Most of the first quarter data was weak, the Fed acknowledged, but the economy continues to grow at “a moderate pace” and the timing of a rate hike continues to depend on “incoming data.”

Not much new here.

“If we were looking in the statement for where the needle may have moved on interest rates, we didn’t get any closer to a rate hike,” said Carl Tannenbaum, chief economist at Northern Trust and a former analyst at the Chicago Fed.

Wednesday’s statement was “noticeably more downbeat” than the Fed’s March statement, Tannenbaum noted, citing shifts in language used to describe such important economic indicators as job gains and household spending, both of which weakened between the Fed’s March and April meetings.

Fed Conceding What Everyone Knew

But the Fed was only conceding what everyone else has been saying for months, and what the GDP report released Wednesday morning confirmed: the economy ground almost to a halt during the first quarter.

“This is an acknowledgement of what we learned this morning with the first quarter GDP report,” agreed Tannenbaum.

GDP slowed to 0.2% during the first three months of the year, down from 2.1% in the fourth quarter. The government cited another unusually harsh winter, as well as other factors including a port strike in California, a rapid decline in the price of oil and an escalation in the value of the dollar for the weak quarter.

The lousy GDP report came on the heels of a shockingly bad March jobs report, which revealed job creation was far worse than anticipated last month.
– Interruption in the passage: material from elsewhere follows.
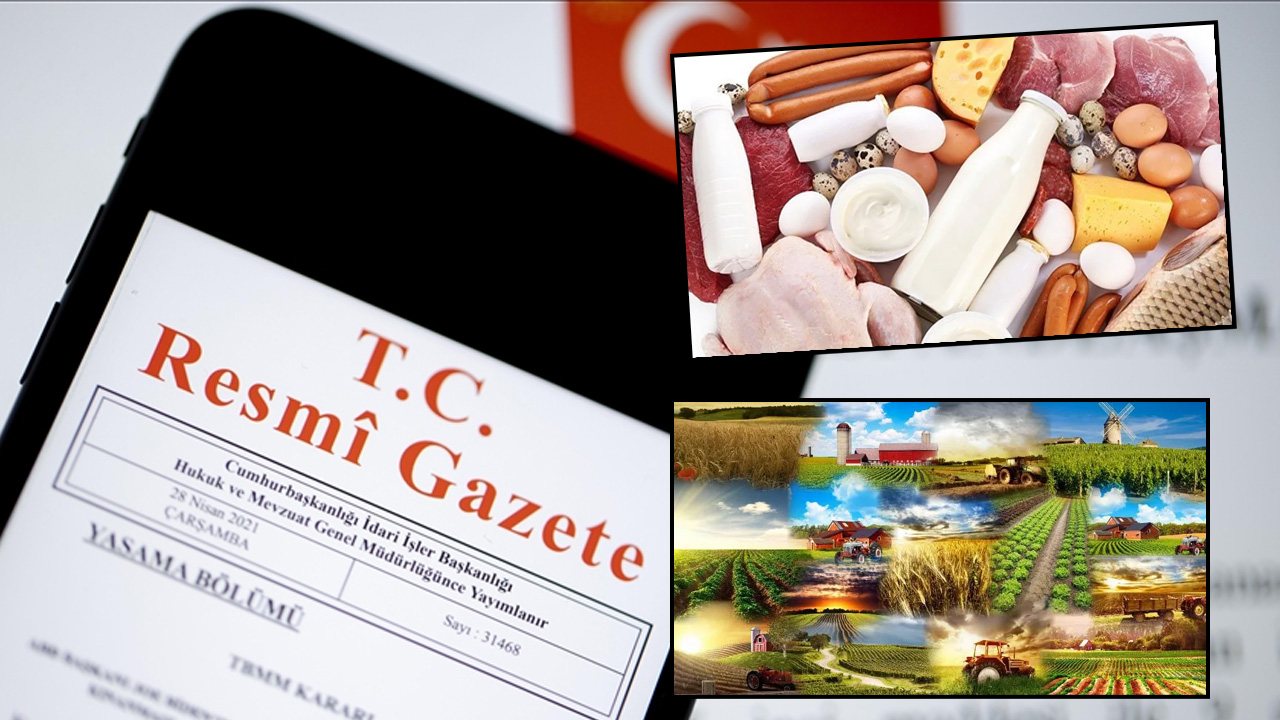 Yerli Malı Tebliği'nde düzenleme yapıldı! Gıda, tarım ve hayvanlık ürünleri için yerli malı şartları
The next jobs report is due Friday May 7.

Still, just about everyone believes the downturn was seasonal and temporary and that the economy will pick up steam again in the second quarter.

“I think the challenge for the Fed and for the rest of us is to determine how significant some of these transitory factors are,” said Tannenbaum.
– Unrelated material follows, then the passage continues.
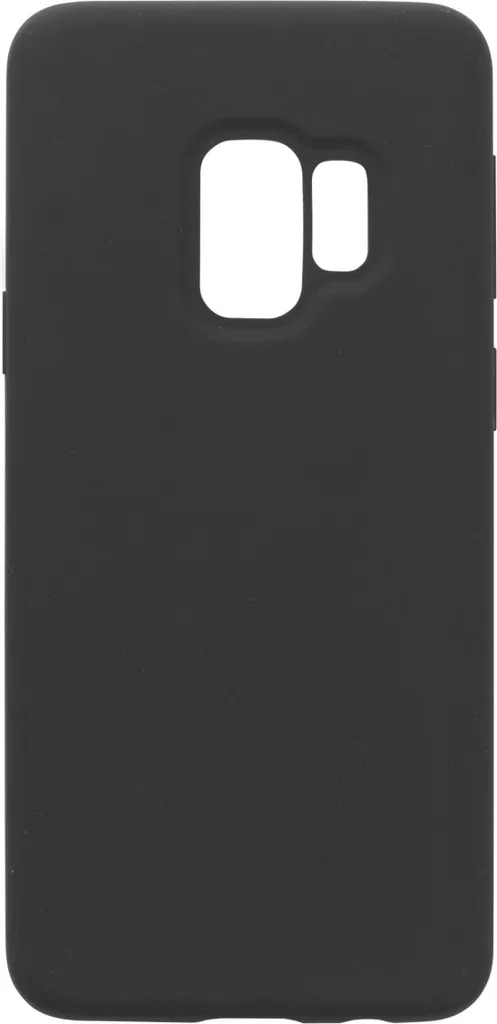 Offerta Cover eSTUFF Samsung S9 Silicone Nero ES673000-BULK Bulk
The weather is improving and the port strike is over. But energy costs are always volatile and the strength of the dollar is hard to predict on a long-term basis.

What all of this means is that the Janet Yellen-led Fed is likely to remain cautious in terms of returning monetary policy to normal following more than six years of rock bottom interest rates and interventionist policies introduced in the wake of the 2008 financial crisis.

Fed Wants to Maintain Flexibility

That means central bankers are very likely to put off any decision on rate hikes until an array of second-quarter data starts rolling in and that data confirms the predictions that the first quarter was a fluke and that the recovery is still moving forward.

What the Fed really wants to maintain is the flexibility to raise rates when they are absolutely certain the higher borrowing costs that will follow a rate hike won’t completely derail the recovery. Thus all the redundant, wishy-washy language.

Analysts at IHS Global Insight summed up the statement: “The Fed isn’t being naïve. Policy makers fully understand that while much of the first quarter slowdown was weather-related, economic growth and inflation still face ongoing headwinds from the strong US dollar, low oil prices, overseas growth risks, and continued household deleveraging. So the Fed has decided to maintain as much flexibility as possible by avoiding committing to any particular timing and pace of rate hikes.”

Don’t expect that ambiguity to end until the economic data is so relentlessly sunny it’s blinding. That hasn’t happened yet. Far from it.